Data items:
══════════
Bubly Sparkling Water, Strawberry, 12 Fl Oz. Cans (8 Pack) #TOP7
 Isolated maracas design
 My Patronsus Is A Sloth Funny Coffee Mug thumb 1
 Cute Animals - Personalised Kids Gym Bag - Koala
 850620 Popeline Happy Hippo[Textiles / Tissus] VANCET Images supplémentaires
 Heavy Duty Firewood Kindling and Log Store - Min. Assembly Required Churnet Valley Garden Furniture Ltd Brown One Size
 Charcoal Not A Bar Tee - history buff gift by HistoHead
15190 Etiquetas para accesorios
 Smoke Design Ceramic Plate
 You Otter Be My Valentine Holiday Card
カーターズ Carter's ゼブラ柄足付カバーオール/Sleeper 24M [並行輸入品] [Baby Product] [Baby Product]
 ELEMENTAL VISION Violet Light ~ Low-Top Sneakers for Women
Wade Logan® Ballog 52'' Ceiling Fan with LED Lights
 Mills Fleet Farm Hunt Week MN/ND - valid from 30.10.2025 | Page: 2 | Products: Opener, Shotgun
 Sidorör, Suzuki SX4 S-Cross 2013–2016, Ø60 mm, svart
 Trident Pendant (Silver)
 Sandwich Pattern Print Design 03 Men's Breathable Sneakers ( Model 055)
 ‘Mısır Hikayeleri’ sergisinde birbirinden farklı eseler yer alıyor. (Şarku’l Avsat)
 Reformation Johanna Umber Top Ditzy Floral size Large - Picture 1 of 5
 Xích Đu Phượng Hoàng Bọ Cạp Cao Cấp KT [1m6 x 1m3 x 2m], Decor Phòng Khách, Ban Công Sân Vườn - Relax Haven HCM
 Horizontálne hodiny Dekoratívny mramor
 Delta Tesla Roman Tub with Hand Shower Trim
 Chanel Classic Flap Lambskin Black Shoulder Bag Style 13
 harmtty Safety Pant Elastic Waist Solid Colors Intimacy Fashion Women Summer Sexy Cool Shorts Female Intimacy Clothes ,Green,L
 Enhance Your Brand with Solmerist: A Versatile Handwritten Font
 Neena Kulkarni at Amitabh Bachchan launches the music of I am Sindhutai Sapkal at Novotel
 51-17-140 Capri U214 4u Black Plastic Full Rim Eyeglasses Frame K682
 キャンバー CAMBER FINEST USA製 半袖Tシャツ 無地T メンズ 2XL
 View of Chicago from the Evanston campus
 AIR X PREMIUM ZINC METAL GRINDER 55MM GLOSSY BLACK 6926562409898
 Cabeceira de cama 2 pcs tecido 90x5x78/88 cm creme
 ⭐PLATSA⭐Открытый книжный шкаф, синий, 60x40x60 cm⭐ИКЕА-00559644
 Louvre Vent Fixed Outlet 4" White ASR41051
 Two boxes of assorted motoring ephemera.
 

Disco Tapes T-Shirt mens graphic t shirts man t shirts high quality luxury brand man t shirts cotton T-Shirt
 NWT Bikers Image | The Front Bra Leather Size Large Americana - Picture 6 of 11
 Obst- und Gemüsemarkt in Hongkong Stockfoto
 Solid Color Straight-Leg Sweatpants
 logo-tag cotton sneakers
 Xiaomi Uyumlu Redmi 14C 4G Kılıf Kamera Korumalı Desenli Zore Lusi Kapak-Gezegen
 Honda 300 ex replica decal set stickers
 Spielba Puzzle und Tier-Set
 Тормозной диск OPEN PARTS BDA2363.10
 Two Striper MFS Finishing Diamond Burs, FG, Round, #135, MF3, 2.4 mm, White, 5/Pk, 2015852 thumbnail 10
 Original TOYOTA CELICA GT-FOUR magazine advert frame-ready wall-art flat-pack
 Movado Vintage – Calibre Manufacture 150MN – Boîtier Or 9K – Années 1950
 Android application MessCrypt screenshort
══════════
Look through the entries, and return every line that the word "White" appears in.

 Louvre Vent Fixed Outlet 4" White ASR41051
 Two Striper MFS Finishing Diamond Burs, FG, Round, #135, MF3, 2.4 mm, White, 5/Pk, 2015852 thumbnail 10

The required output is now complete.